**EXERCISE DATA:**
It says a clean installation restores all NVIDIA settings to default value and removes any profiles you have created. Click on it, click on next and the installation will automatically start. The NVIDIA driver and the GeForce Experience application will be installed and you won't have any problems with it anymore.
---
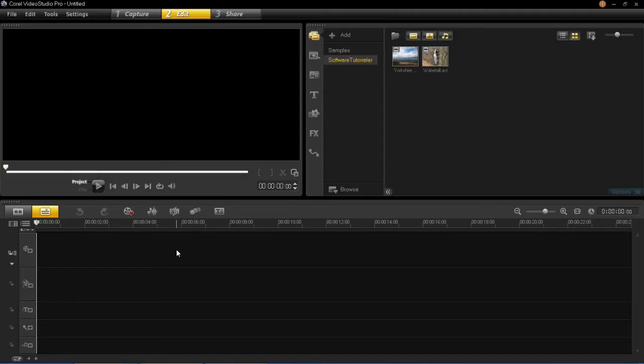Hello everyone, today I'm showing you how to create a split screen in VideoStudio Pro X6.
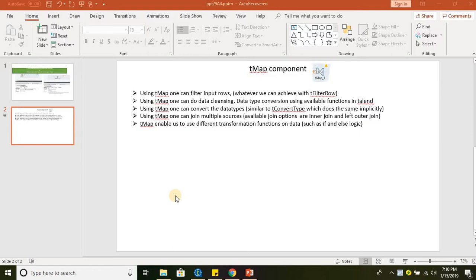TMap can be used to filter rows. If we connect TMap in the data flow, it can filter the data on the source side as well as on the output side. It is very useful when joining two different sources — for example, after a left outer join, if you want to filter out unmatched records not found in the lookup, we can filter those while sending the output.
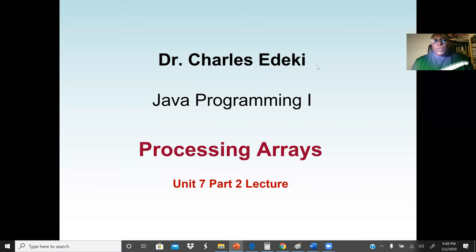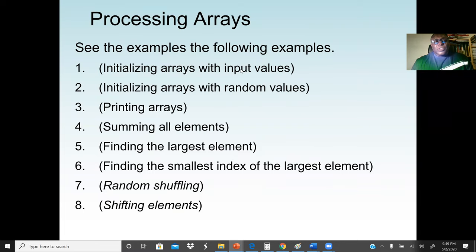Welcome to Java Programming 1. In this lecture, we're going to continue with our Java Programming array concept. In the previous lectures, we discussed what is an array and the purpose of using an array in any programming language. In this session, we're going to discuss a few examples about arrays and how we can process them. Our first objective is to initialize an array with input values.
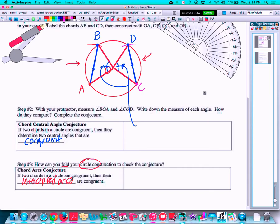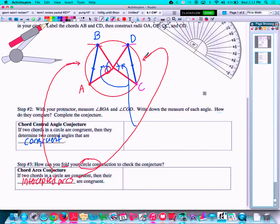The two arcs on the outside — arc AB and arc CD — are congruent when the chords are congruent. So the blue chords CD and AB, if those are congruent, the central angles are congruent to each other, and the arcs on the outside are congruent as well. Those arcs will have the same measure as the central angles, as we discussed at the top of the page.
--
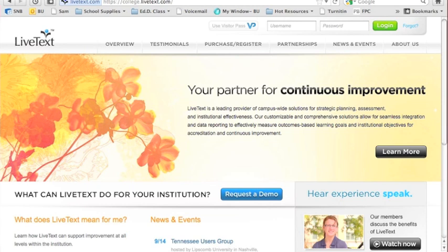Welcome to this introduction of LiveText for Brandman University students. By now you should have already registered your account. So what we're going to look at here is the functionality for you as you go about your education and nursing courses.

**EXERCISE DESCRIPTION:** When you reach the line with "Hello everyone, today" in the records above, start writing out each line exactly, and stop after the line with "The two arcs". Pictures stay out.

**RESPONSE:**
Hello everyone, today I'm showing you how to create a split screen in VideoStudio Pro X6.
TMap can be used to filter rows. If we connect TMap in the data flow, it can filter the data on the source side as well as on the output side. It is very useful when joining two different sources — for example, after a left outer join, if you want to filter out unmatched records not found in the lookup, we can filter those while sending the output.
Welcome to Java Programming 1. In this lecture, we're going to continue with our Java Programming array concept. In the previous lectures, we discussed what is an array and the purpose of using an array in any programming language. In this session, we're going to discuss a few examples about arrays and how we can process them. Our first objective is to initialize an array with input values.
The two arcs on the outside — arc AB and arc CD — are congruent when the chords are congruent. So the blue chords CD and AB, if those are congruent, the central angles are congruent to each other, and the arcs on the outside are congruent as well. Those arcs will have the same measure as the central angles, as we discussed at the top of the page.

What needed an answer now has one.